Exercise description:
Could you restate every entry word for word, minus the pictures?

Material for the task:
==============================

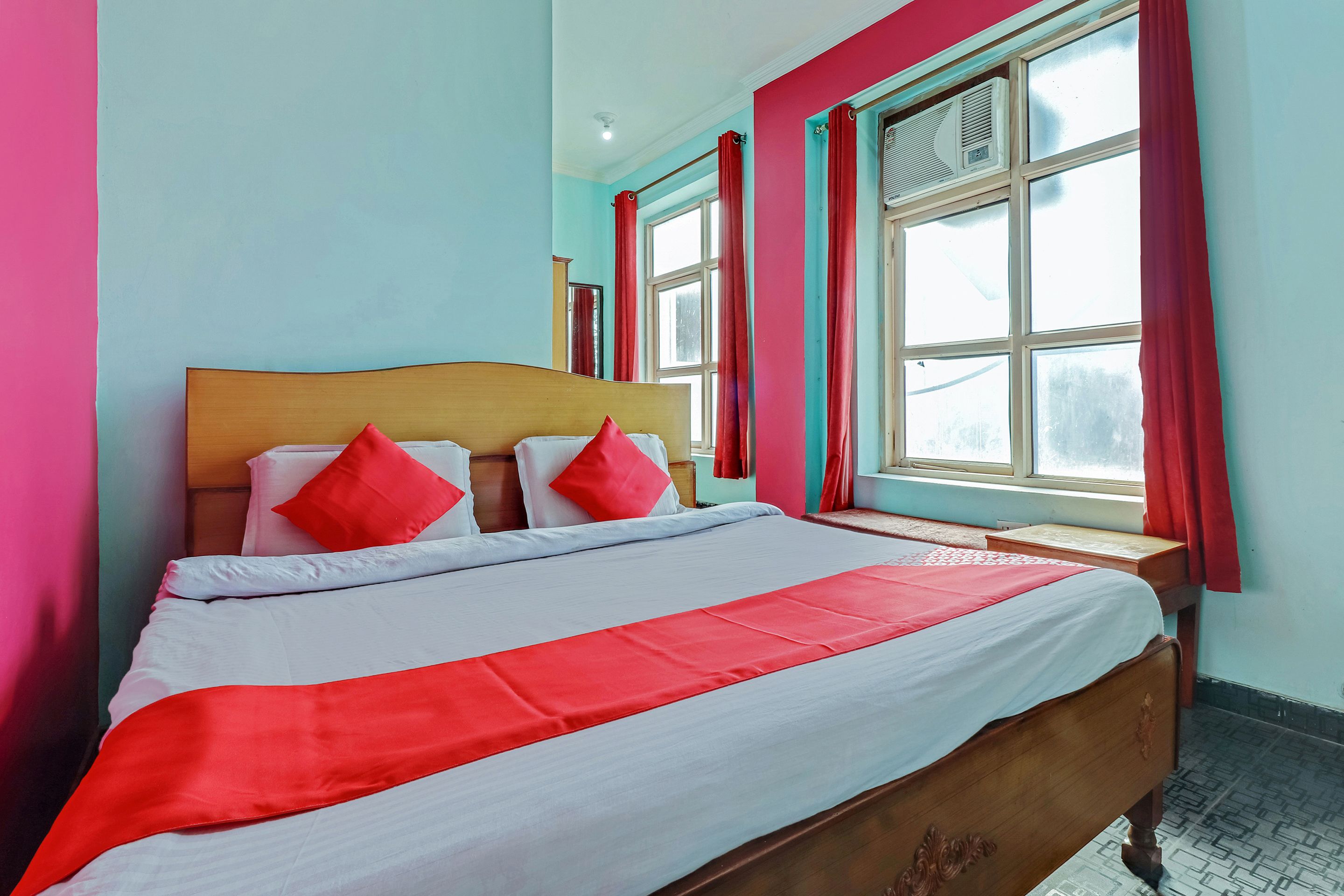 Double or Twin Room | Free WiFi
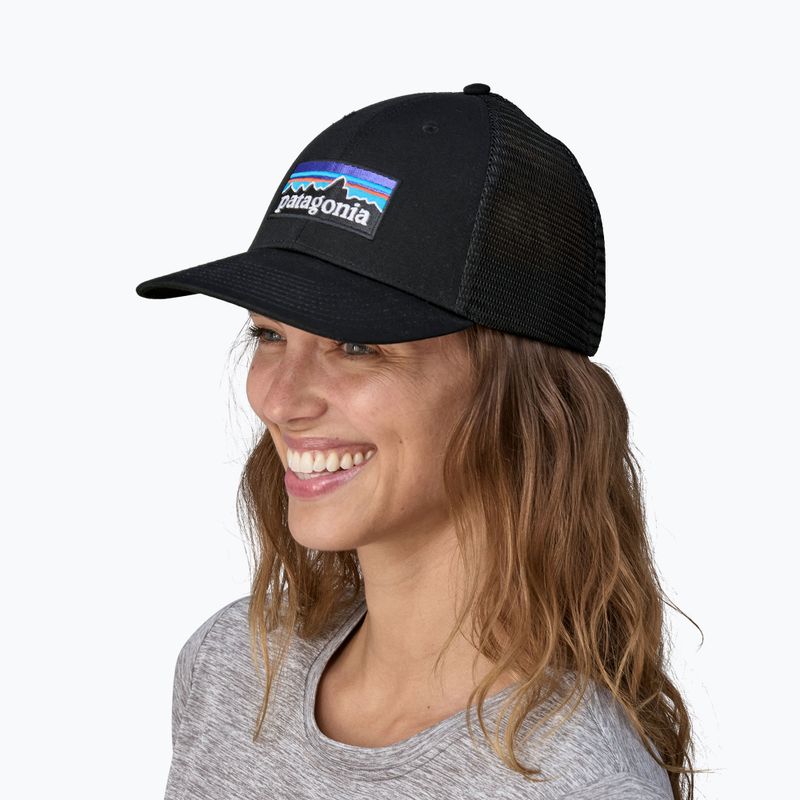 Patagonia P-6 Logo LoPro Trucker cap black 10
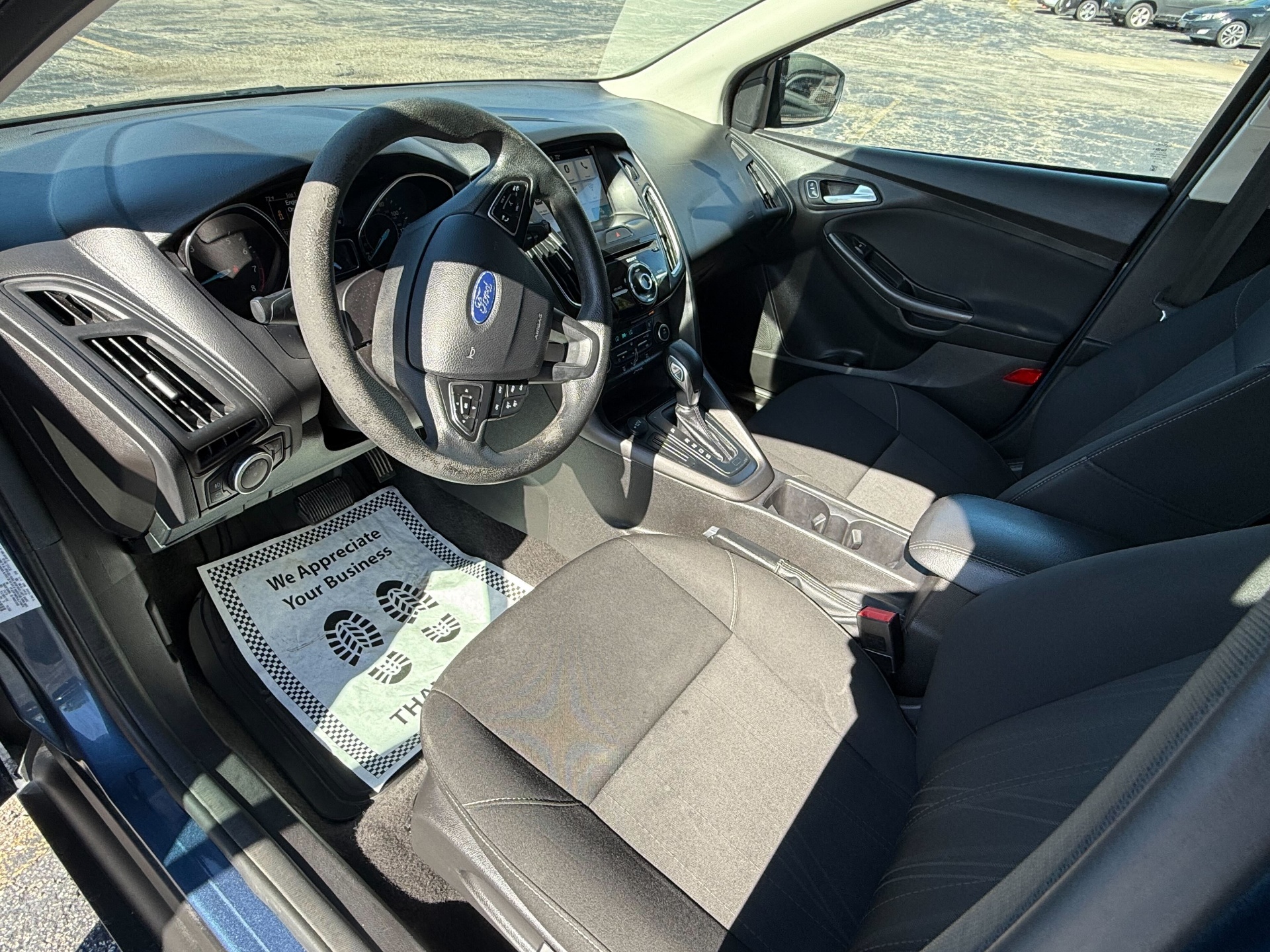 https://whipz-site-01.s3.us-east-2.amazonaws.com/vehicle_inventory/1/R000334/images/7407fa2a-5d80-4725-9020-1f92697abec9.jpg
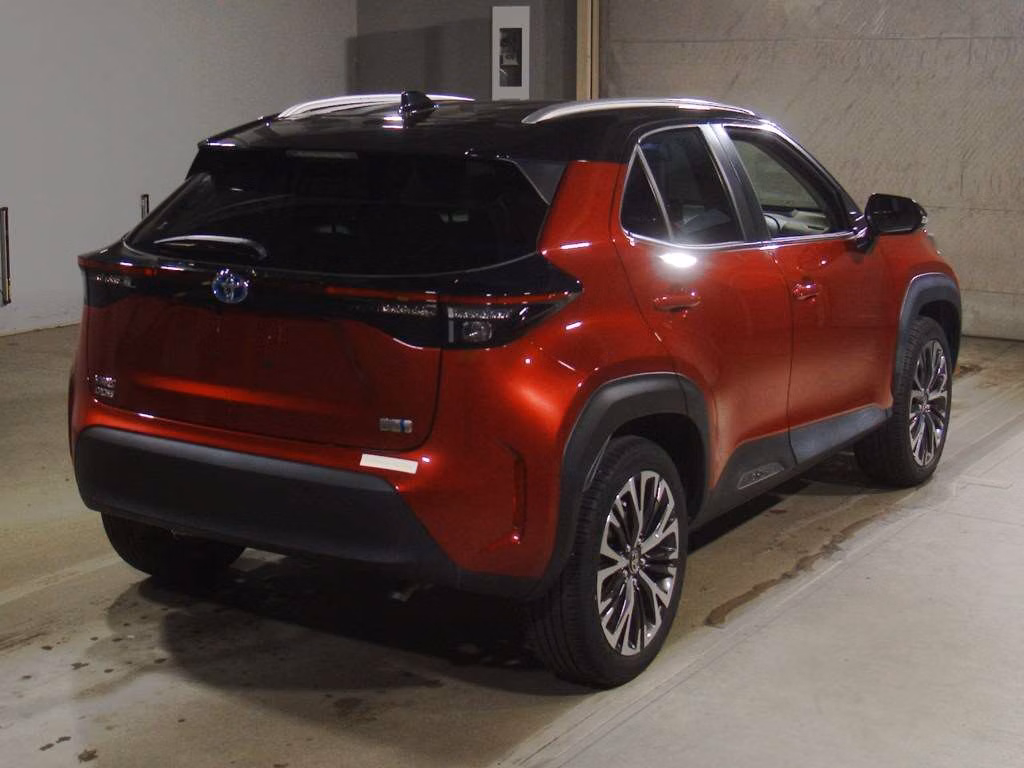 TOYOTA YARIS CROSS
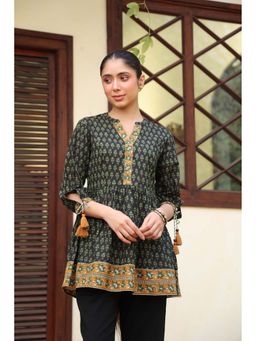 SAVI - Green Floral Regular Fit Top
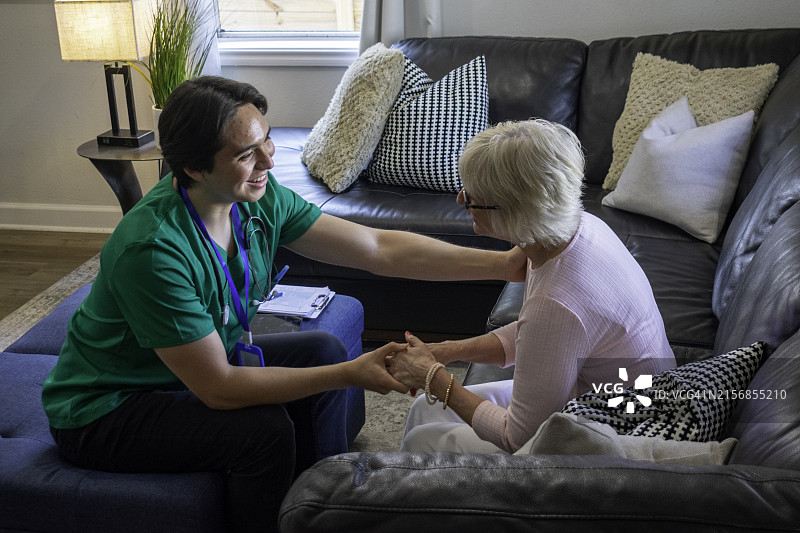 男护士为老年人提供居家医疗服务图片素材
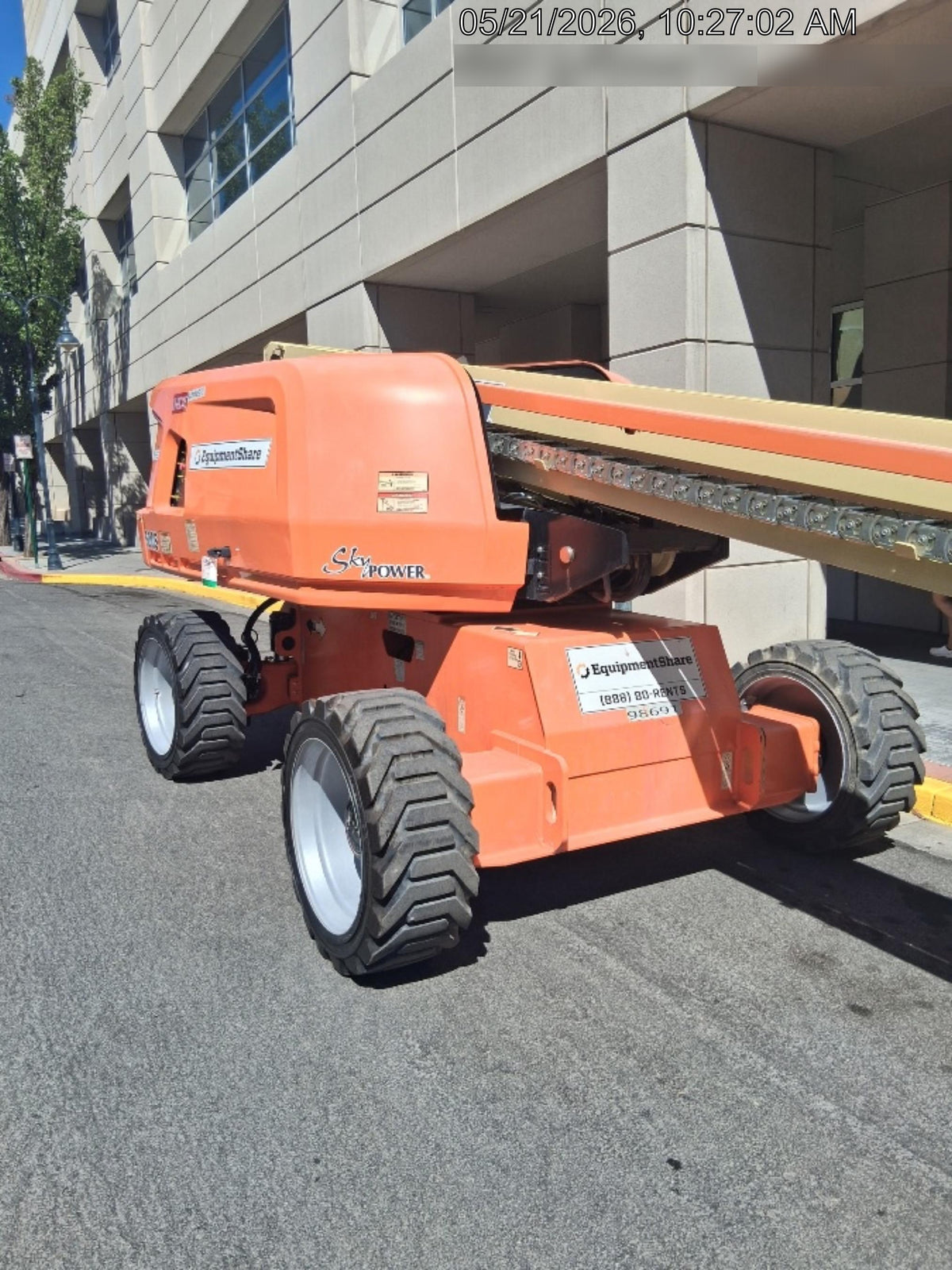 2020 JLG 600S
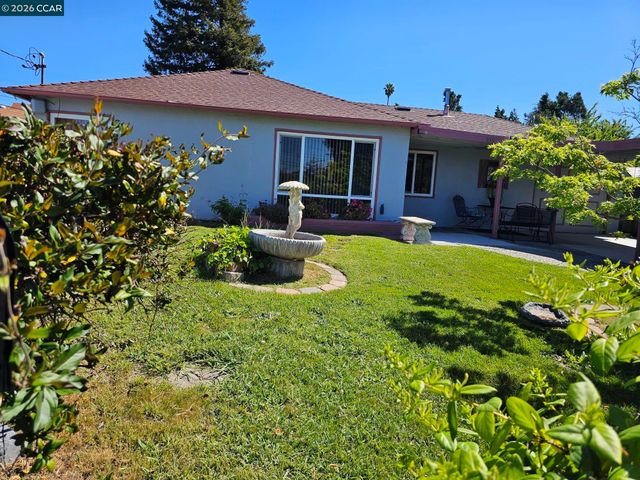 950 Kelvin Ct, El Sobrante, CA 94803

==============================

The answer:
 Double or Twin Room | Free WiFi
 Patagonia P-6 Logo LoPro Trucker cap black 10
 https://whipz-site-01.s3.us-east-2.amazonaws.com/vehicle_inventory/1/R000334/images/7407fa2a-5d80-4725-9020-1f92697abec9.jpg
 TOYOTA YARIS CROSS
 SAVI - Green Floral Regular Fit Top
 男护士为老年人提供居家医疗服务图片素材
 2020 JLG 600S
 950 Kelvin Ct, El Sobrante, CA 94803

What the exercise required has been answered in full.